Der Multi-Kondratjew und der zukünftige Zyklus

Während der Westen versucht, mit seinen etablierten Industrien international wettbewerbsfähig zu bleiben, müssen Länder wie China eine Vielzahl von Kondratjews überlagern, um den Anschluss im Wettbewerb der Nationen halten zu können. Hierbei ist die chinesische Volkswirtschaft durch das gleichzeitige Auftreten mehrerer Basisinnovationen geprägt, was Röpke als Multi-Kondratjew bezeichnet. Dies liegt daran, dass der Kommunismus in China verhindert hat, dass das Land an den bisherigen Wellen in vollem Umfang partizipieren konnte.

Je mehr das Land jedoch technologisch aufholt und durch seine billige Währung weltweite Devisen einsammeln kann, desto wettbewerbsfähiger wird es in den nächsten Jahren werden. Durch das Kopieren von bisherigen Lösungsansätzen und einem massiven Kostenvorteil im Bereich der Lohnkosten wird China künftig nicht nur bei den bisherigen Basisinnovationen zu einem bestimmenden Faktor, sondern auch bei den zukünftigen Basisinnovationen wie Anti-Aging, Molekulartechnik, Robotik, Hyperschallflugzeugen oder Raumtransportern.

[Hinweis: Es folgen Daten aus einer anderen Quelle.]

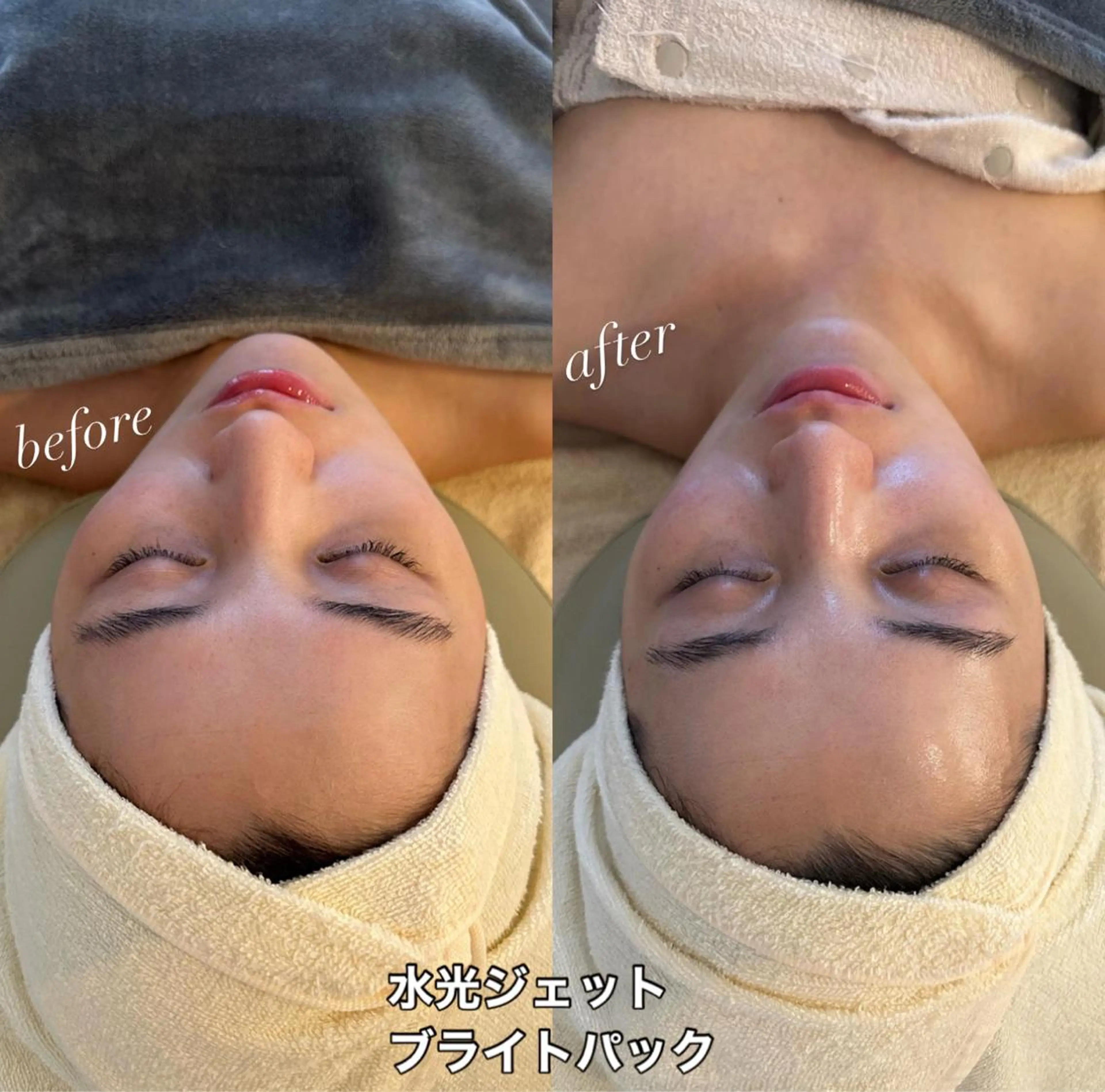 うなじ脱毛/美肌脱毛 LABELのエステ・リラクイメージ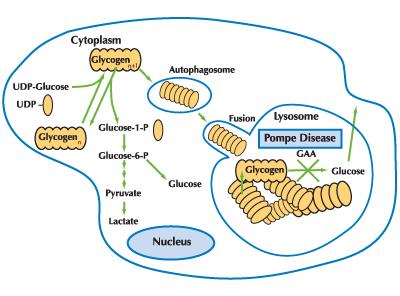 Pompe disease lysosomal glycogen diagram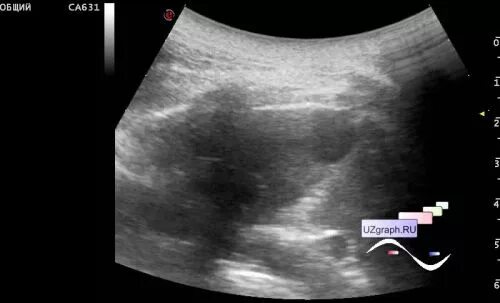 Кальцинат в печени на узи. Мультилокулярная киста почки на УЗИ. Подкапсульная киста почки на УЗИ. Простая киста почки УЗИ.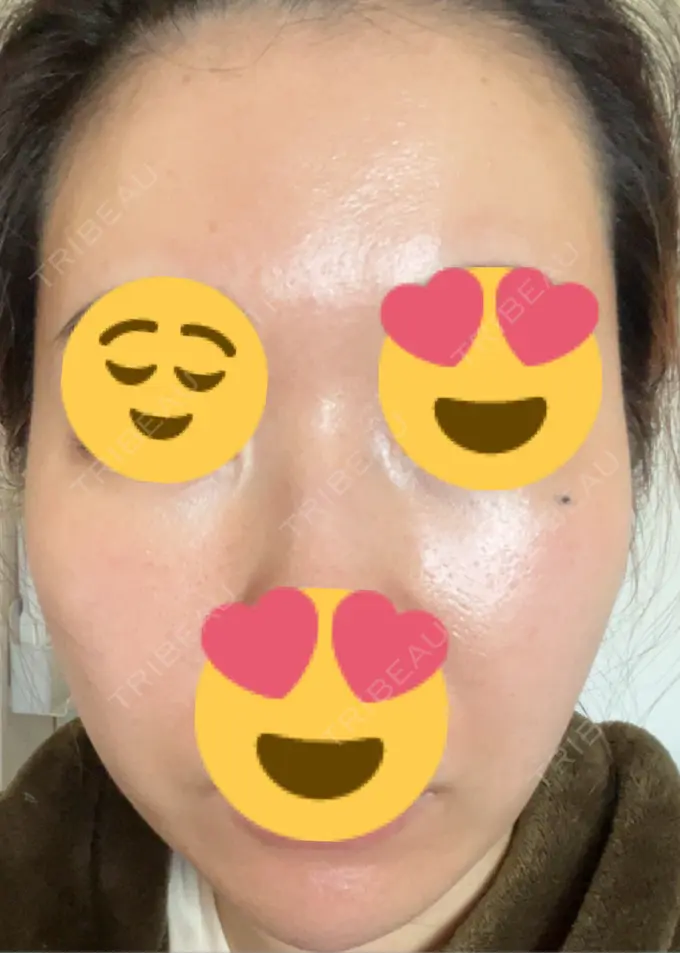 ピーリング（ニキビ・毛穴） / ヴェルヴェットスキン / ピーリング（ハリ・ツヤ） ミニマムスキンクリニック池袋 DAY 8 メイン用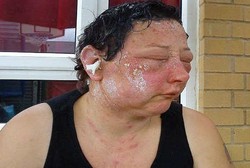 Alergi Pewarna Rambut, Muka Jo Jadi Bengkak dan Matanya Setengah Buta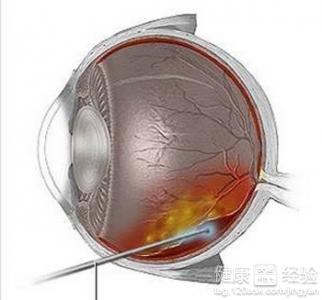 視網膜脫落的症狀
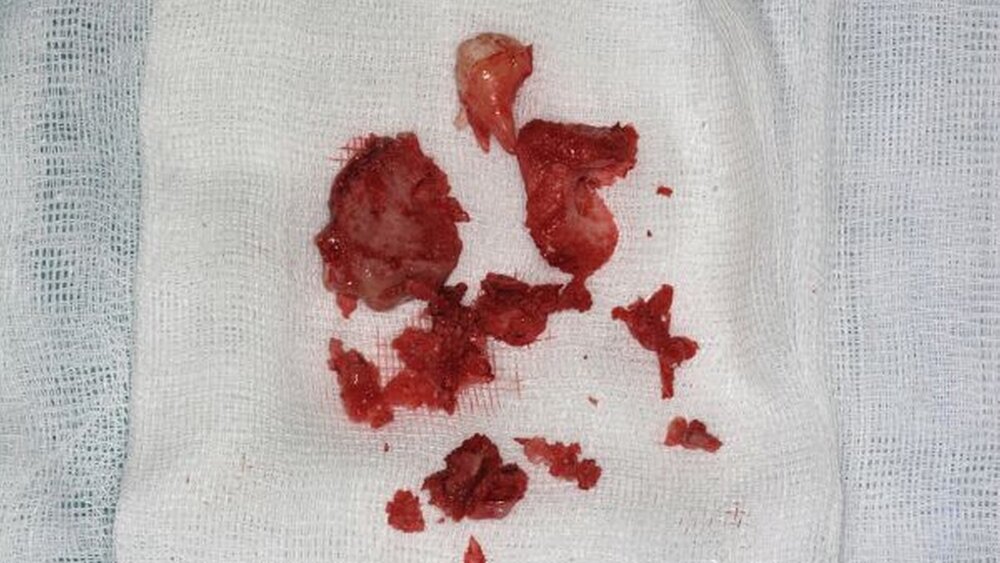 Abbildung 4: In Fragmente zerlegtes Osteom inklusive des retinierten und verlagerten Zahnes 18. |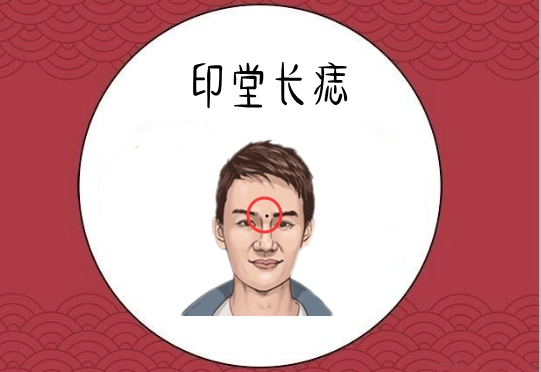 男人脸上4颗"小人"痣,心肠狠,城府深,为钱六亲不认!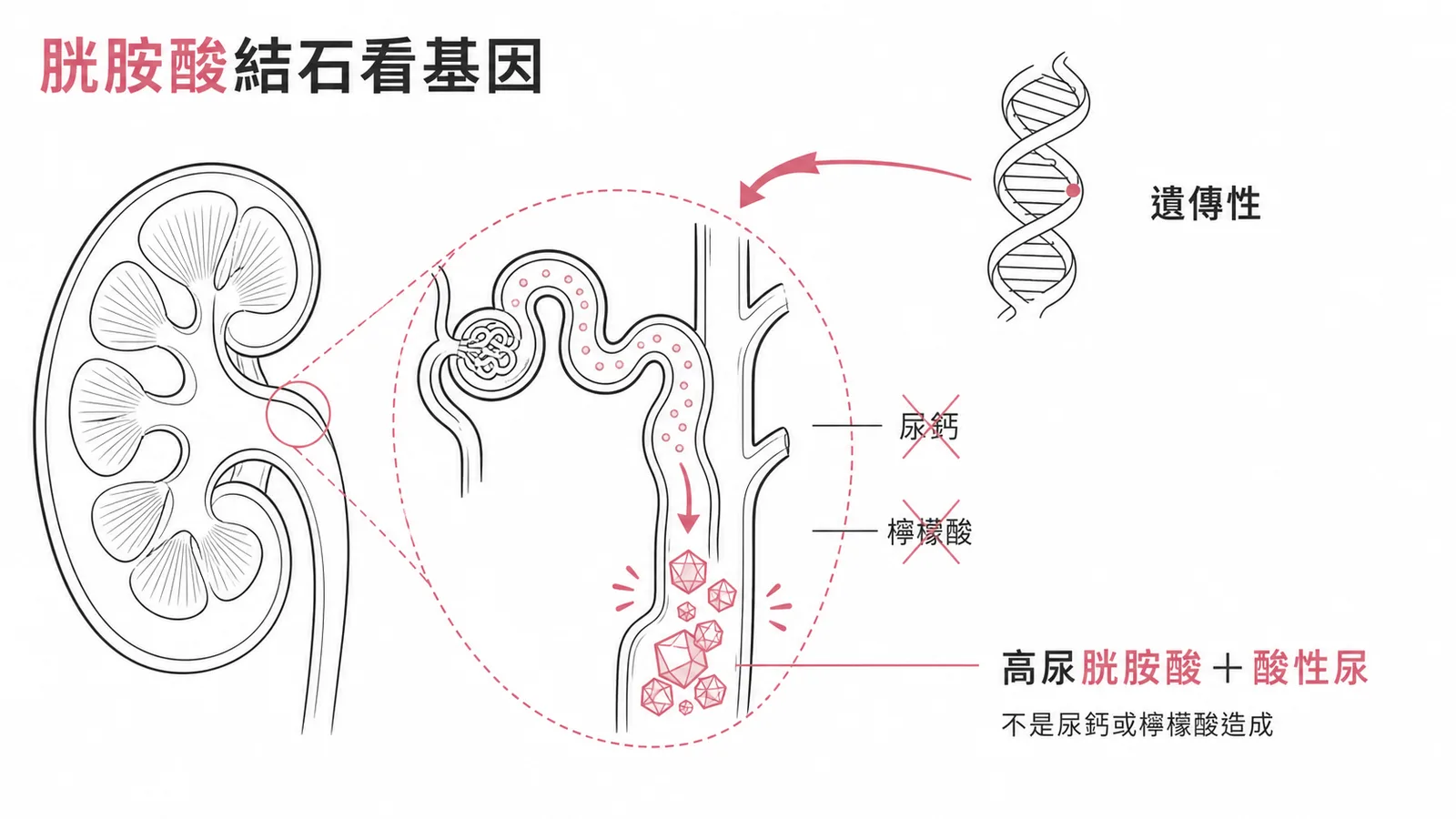 四種腎結石危險因子對照:胱胺酸結石是遺傳性疾病與尿鈣無關
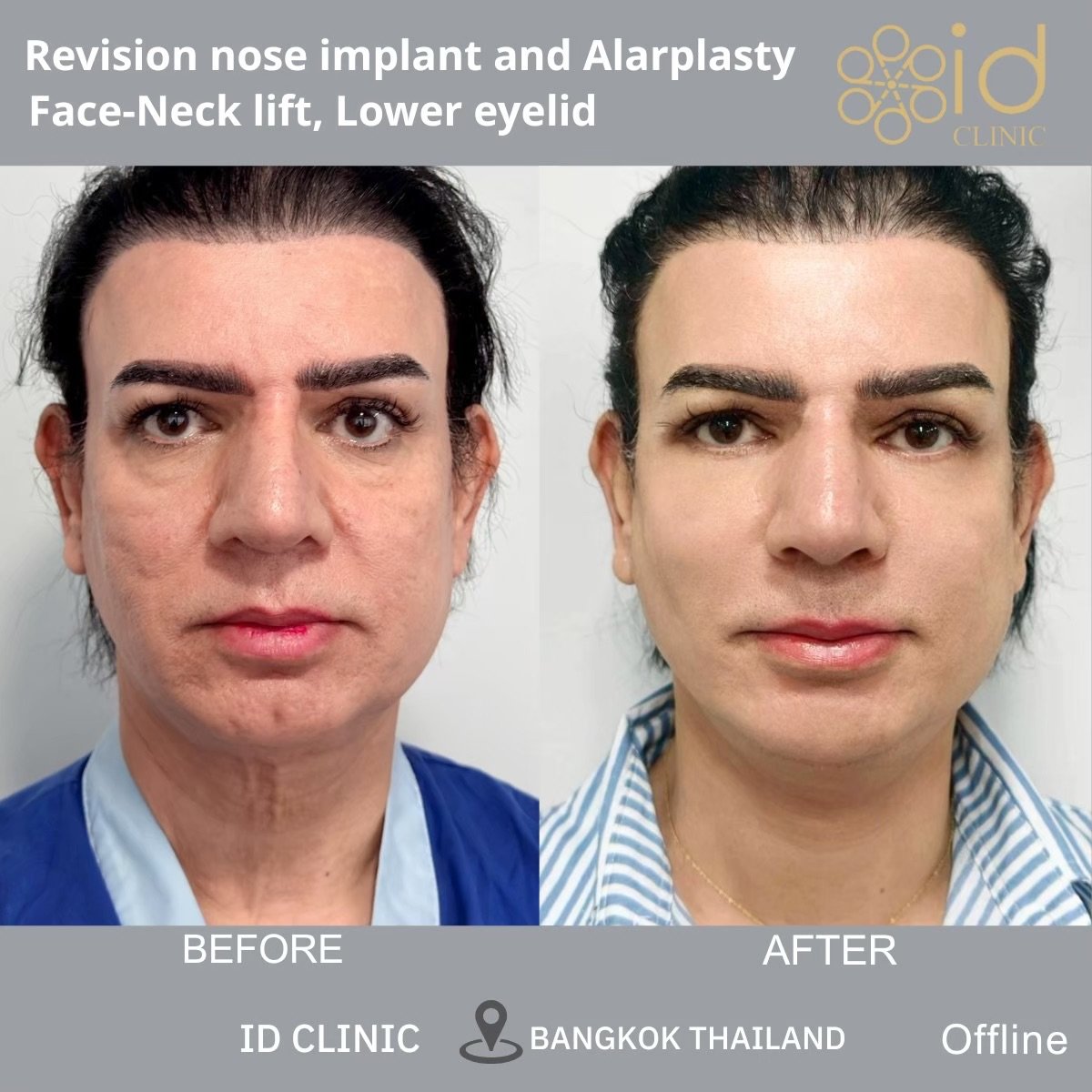 Before and after face-neck lift, nose revision, alarplasty at ID Clinic Bangkok, visible results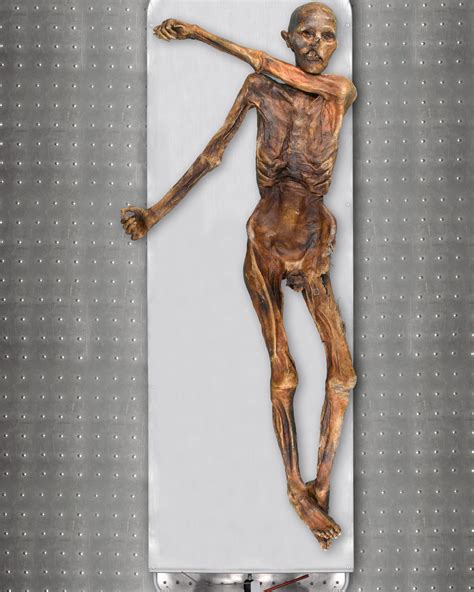 Iceman Otzi had dark skin and male pattern baldness, analysis reveals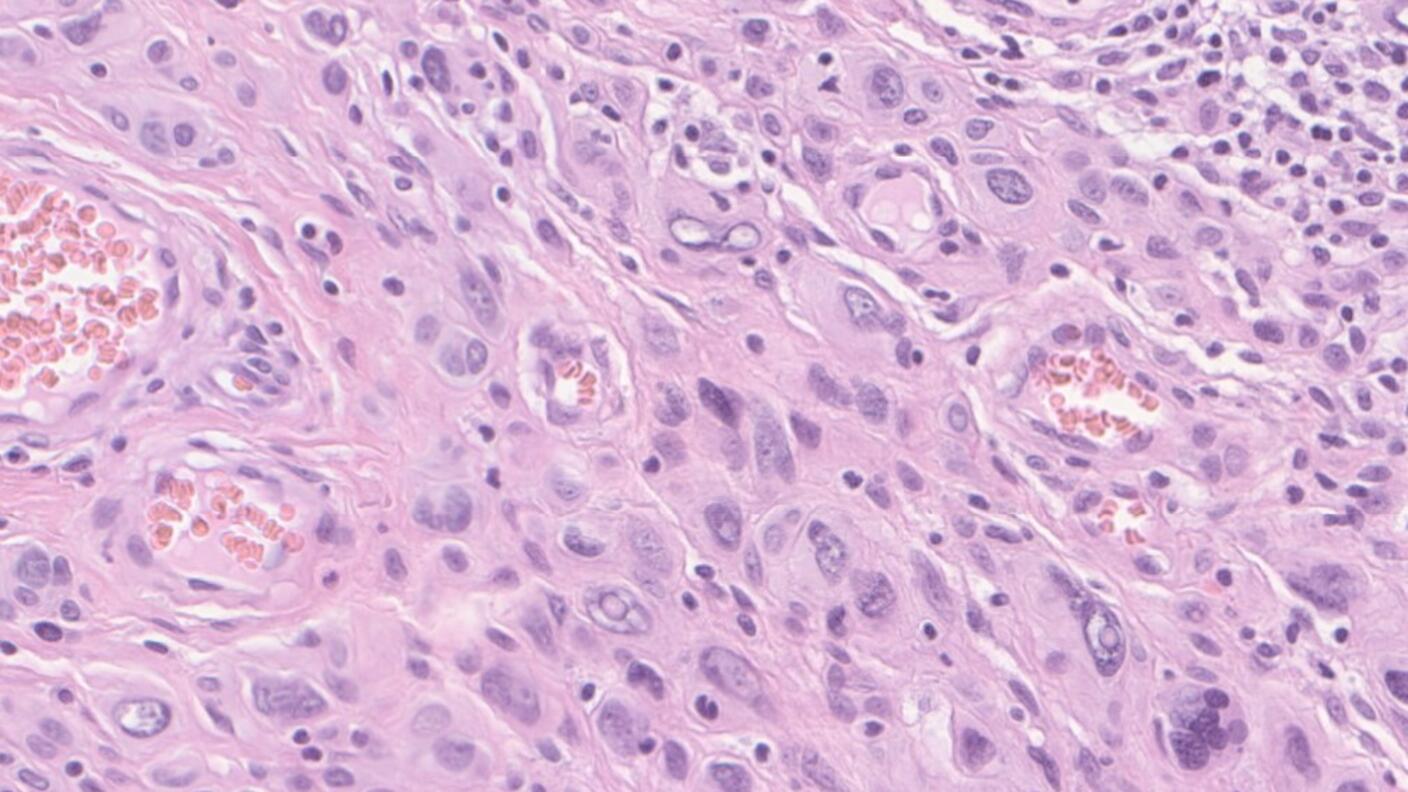 Photo of atypical spitzoid melanoma tissue under a microscope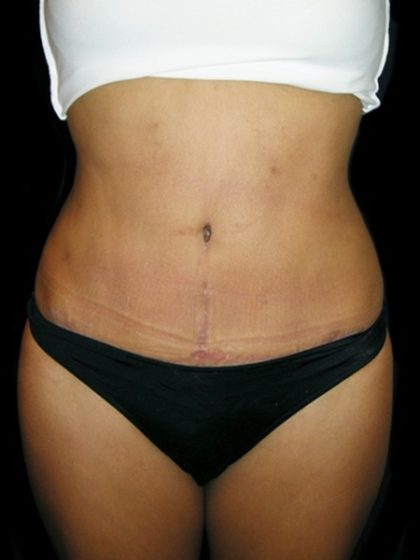 Mommy Makeover Before & After Patient #2396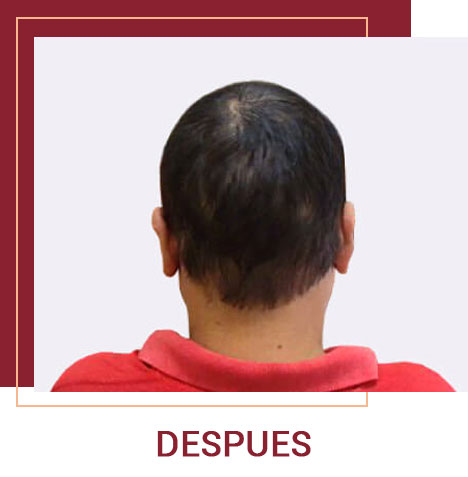 casos alopecia quito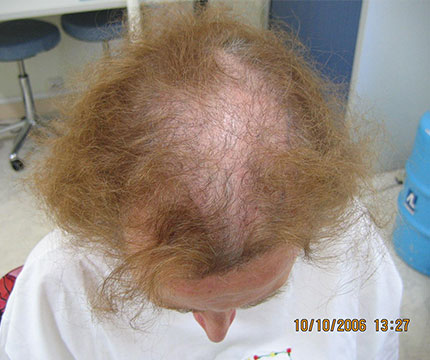 Cheveux femme avant l'implantation de cheveux
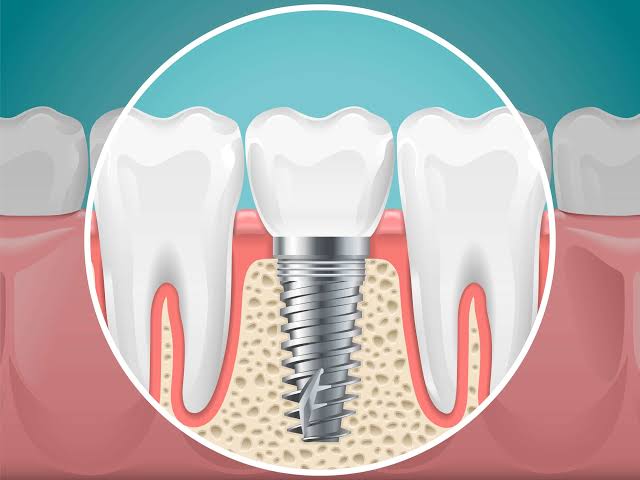 implant-dentar-craiova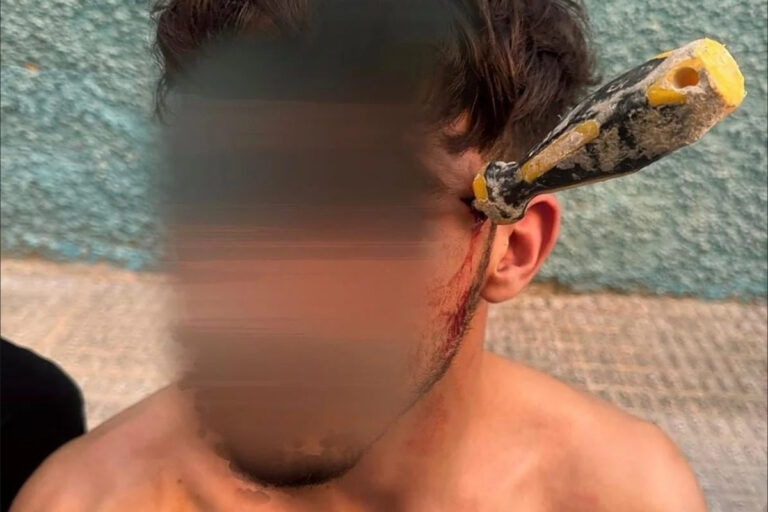 Brutal reyerta entre un marroquí y un argelino en Alicante: uno de ellos acaba con un destornillador incrustado en el cráneo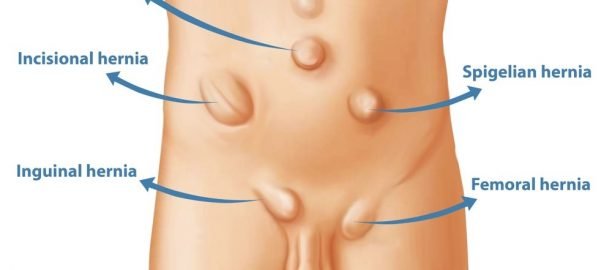hernia-treatment-in-delhi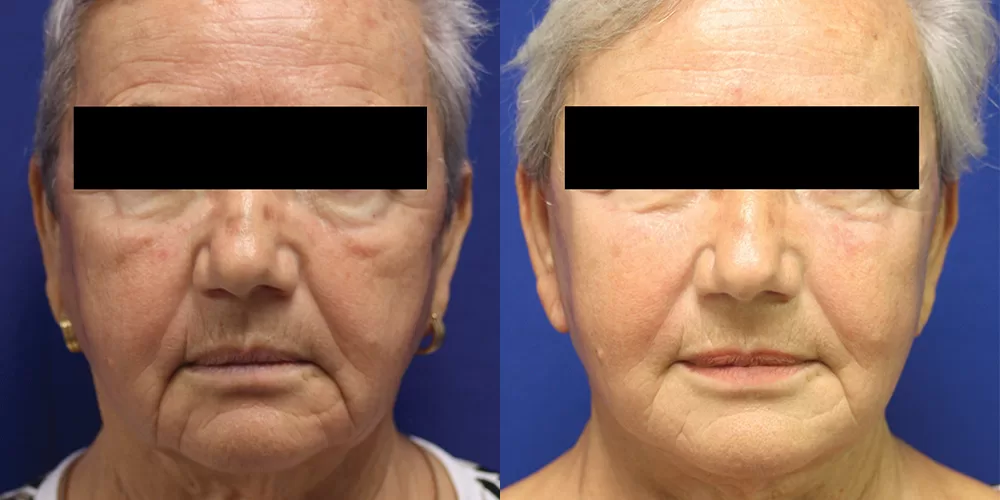 Moratis plastic surgery face lift patient 2c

Diesbezüglich werden neue Techniken, wie Healthcare, Solartechnik, Bionik, Nano-Maschinen und Weltraumstationen, zu einem wesentlichen Wachstumsmotor der chinesischen, aber auch der indischen Volkswirtschaft avancieren. Damit sind beide Länder Anwärter darauf, den nächsten Kondratjew-Zyklus zu dominieren. Allerdings reicht es für Länder wie China und Indien nicht aus, nur Kapital zu akkumulieren und Know-how zu importieren, vielmehr müssen auch soziale und politische Innovationen in Angriff genommen werden.